WASHINGTON—Lawmakers are concerned that bureaucratic turf wars are complicating the federal response to cyber threats.
The issue took center stage recently as senators on the Homeland Security and Governmental Affairs Committee “fretted that they had been unable to pass key cyber legislation requested by the Department of Homeland Security (DHS) because of a disagreement with the Senate Intelligence Committee,” The Hill reported.
“The reality of the situation is there is conflict here,” said Chairman Ron Johnson (R-WI) at a recent hearing. “This threat is too significant to allow turf wars to get in the way of as efficient an operation as possible in terms of dealing with a very complex and serious problem.”
The dust-up illuminates the broader issue of turf wars over cybersecurity in the federal government, The Hill stated.
The executive branch has no one single agency assigned to handle cyber.

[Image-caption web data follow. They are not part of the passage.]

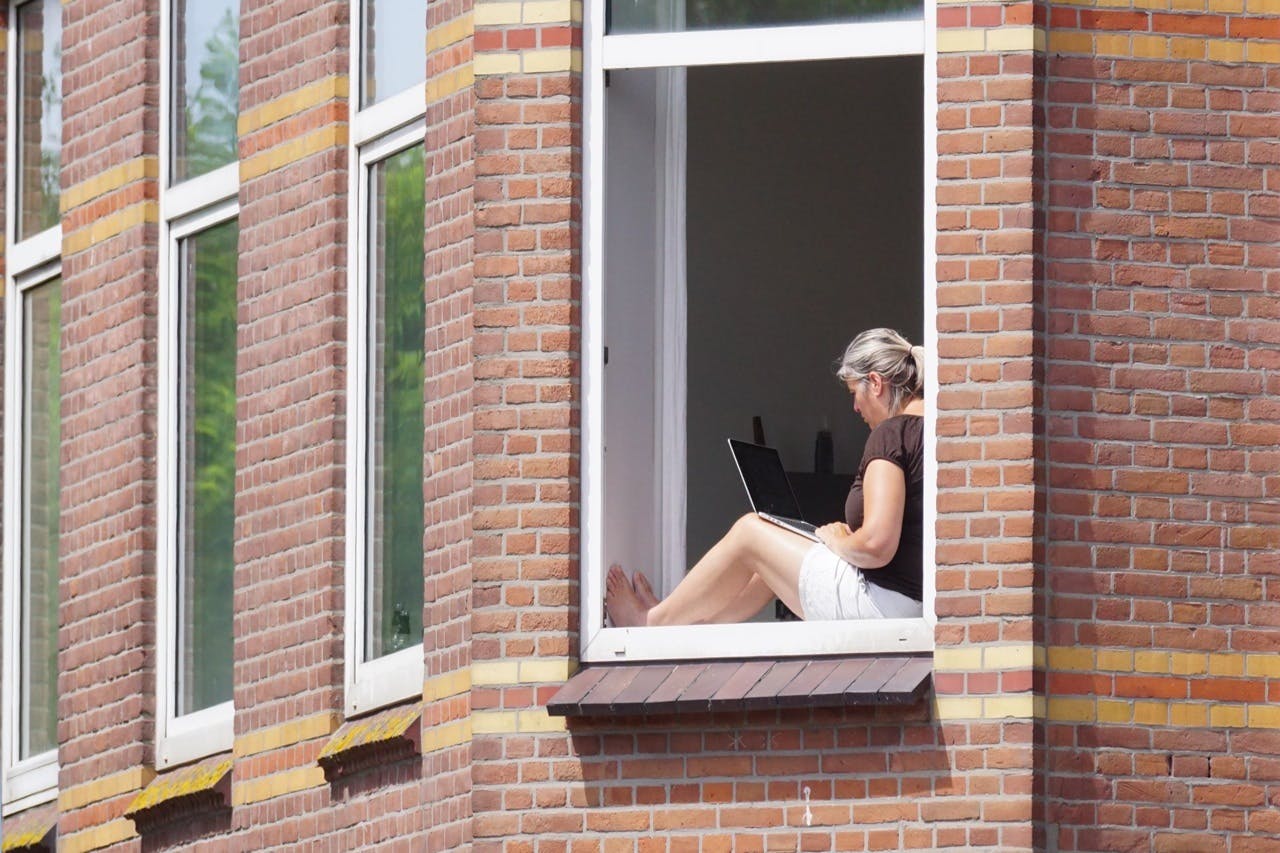 Een vrouw achter haar laptop voor het raam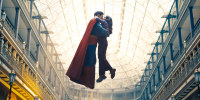 Superman, played by David Corenswet kisses Lois Lane, played by Rachel Brosnahan. 
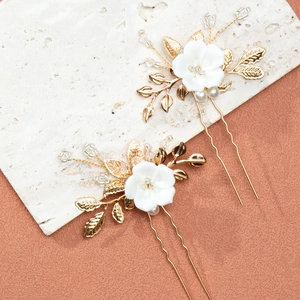 Detailansicht von U-förmigen Haarnadeln mit Keramikblumen, Goldblättern und Perlen
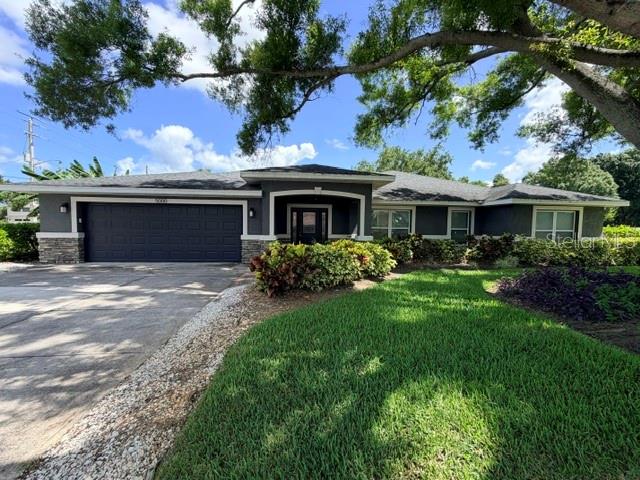 An aerial view shows a suburban neighborhood with houses, trees, and a golf course — 5000 9TH AVENUE W, BRADENTON, FL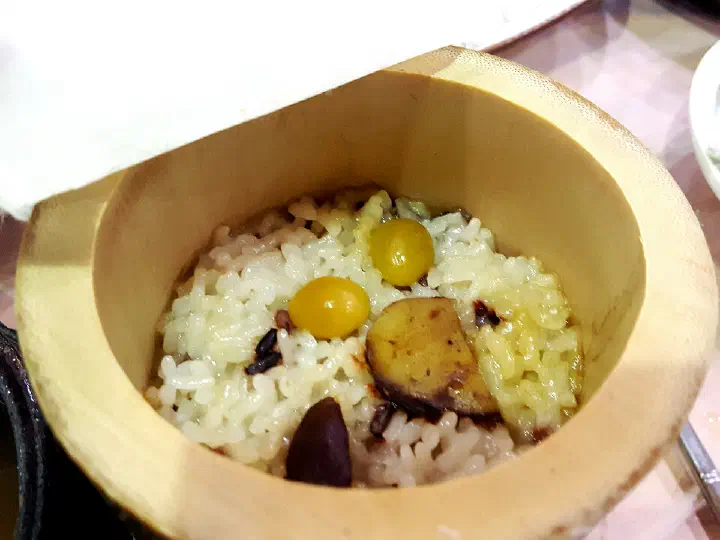 Steam rising from freshly opened bamboo-tube rice at Hansangeun Daetongbapjip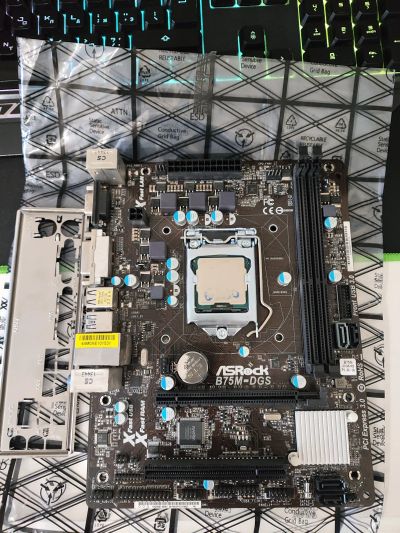 Лот: 25203896. Фото: 1. Asrock B75M-DGS. Материнские платы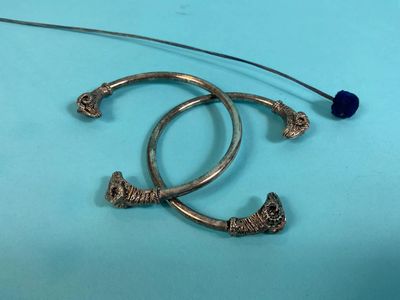 a close up of a pair of silver hoop earrings on a blue surface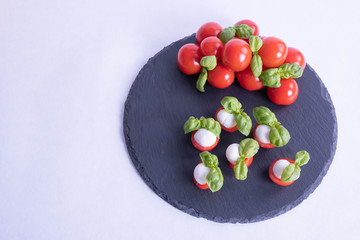 basil, round mozzarella and tomatoes on a black tile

Instead, authorities are spread out over various agencies, including the Justice Department, which investigates and prosecutes cybercrime, and the Pentagon and broader intelligence community, both of which handle what is considered “offensive” cyber activity.
‘Virtually Every Committee Has a Say’
While Homeland Security is broadly recognized as the main agency defending federal networks and critical national assets from cyberattacks, individual agencies also play a major role in guarding their own networks and personnel from malicious cyber actors, The Hill explained.
“The set-up means that virtually every congressional committee has a say in the federal government’s cybersecurity efforts,” The Hill said.
“On defense, the responsibilities are so spread across so many parts of the federal government and across so many congressional jurisdictions,” said Michael Sulmeyer, a former cyber policy official at the Pentagon in The Hill report. “That is very hard to get coherent policy government wide.”